**Task prompt**. Every line of the data below should be repeated exactly, and no picture should be copied.

**Available data**.
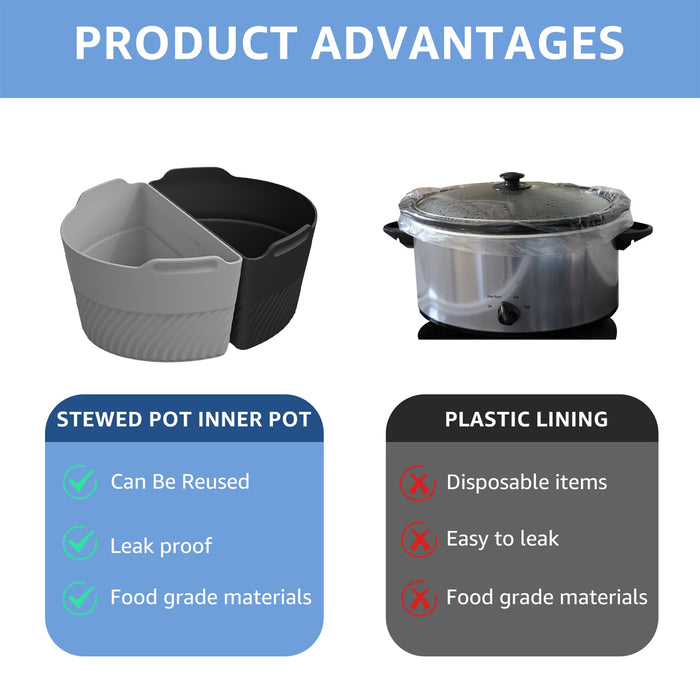 2 Pcs Slow Cooker Liner Dividers Food Grade Silicone Non Stick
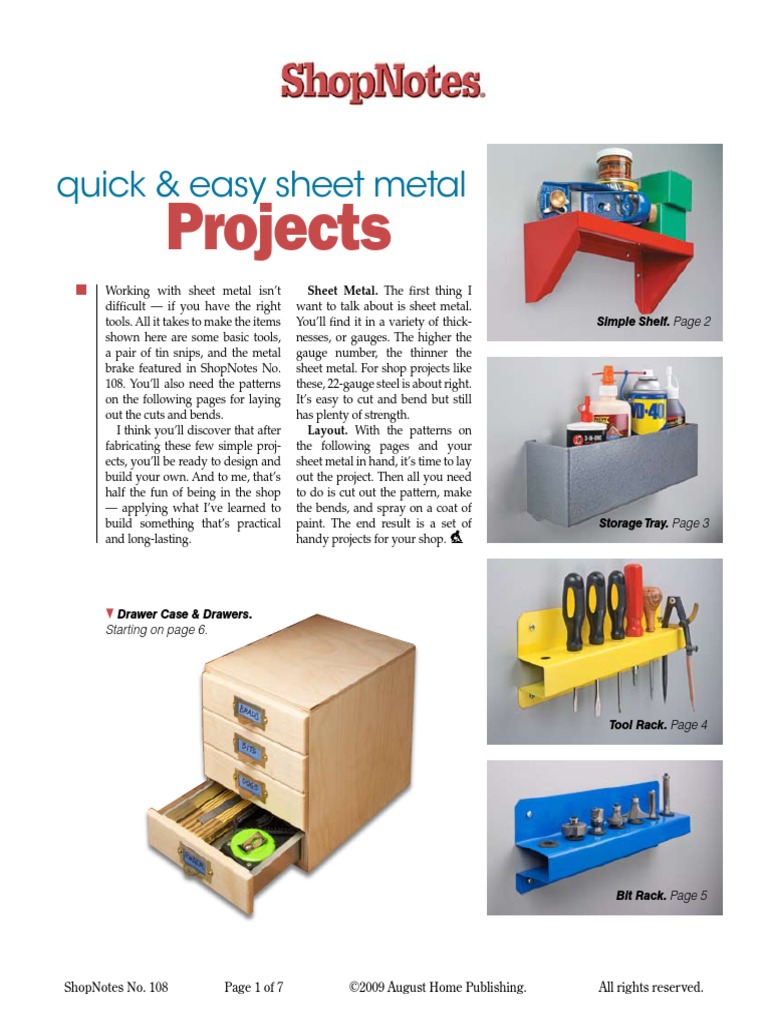 Quick and Easy Sheet Metal Projects | PDF | Sheet Metal | Metalworking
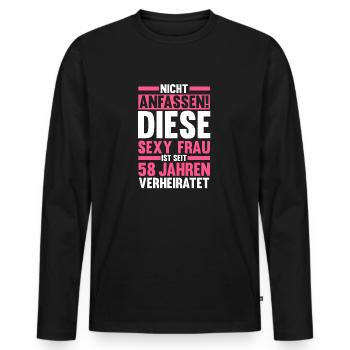 Marriage Angel Wedding 58 Years Married Wedding - Men's Premium Organic Long Sleeve Shirt - black - Front - Nico (187cm)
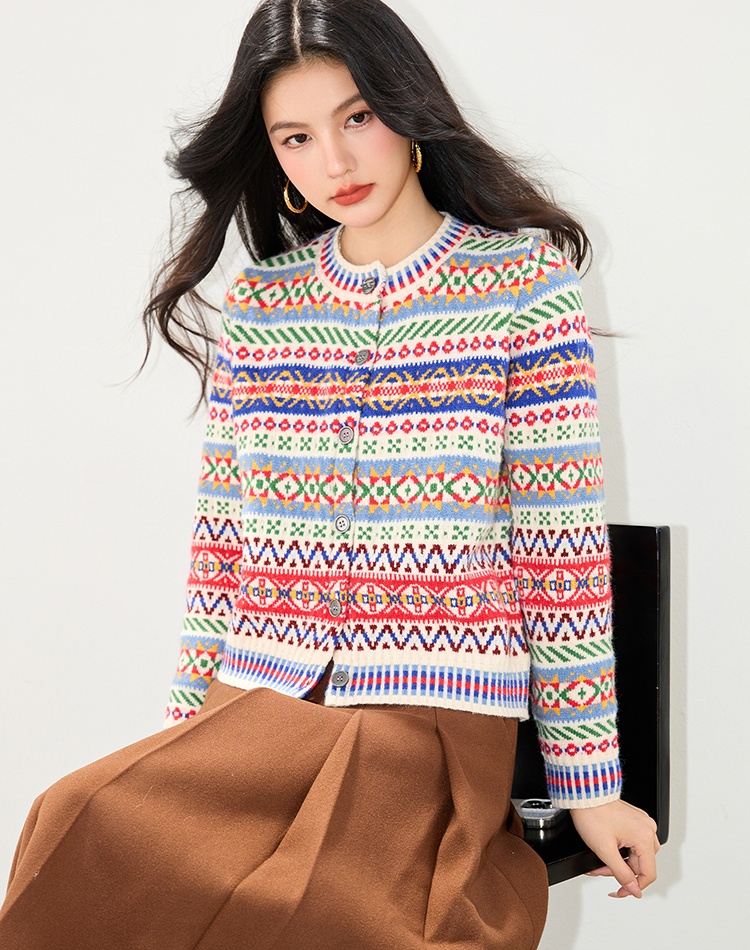 National style knitted retro tops autumn short coat for women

**Result of this exercise**.
 2 Pcs Slow Cooker Liner Dividers Food Grade Silicone Non Stick
 Quick and Easy Sheet Metal Projects | PDF | Sheet Metal | Metalworking
 Marriage Angel Wedding 58 Years Married Wedding - Men's Premium Organic Long Sleeve Shirt - black - Front - Nico (187cm)
 National style knitted retro tops autumn short coat for women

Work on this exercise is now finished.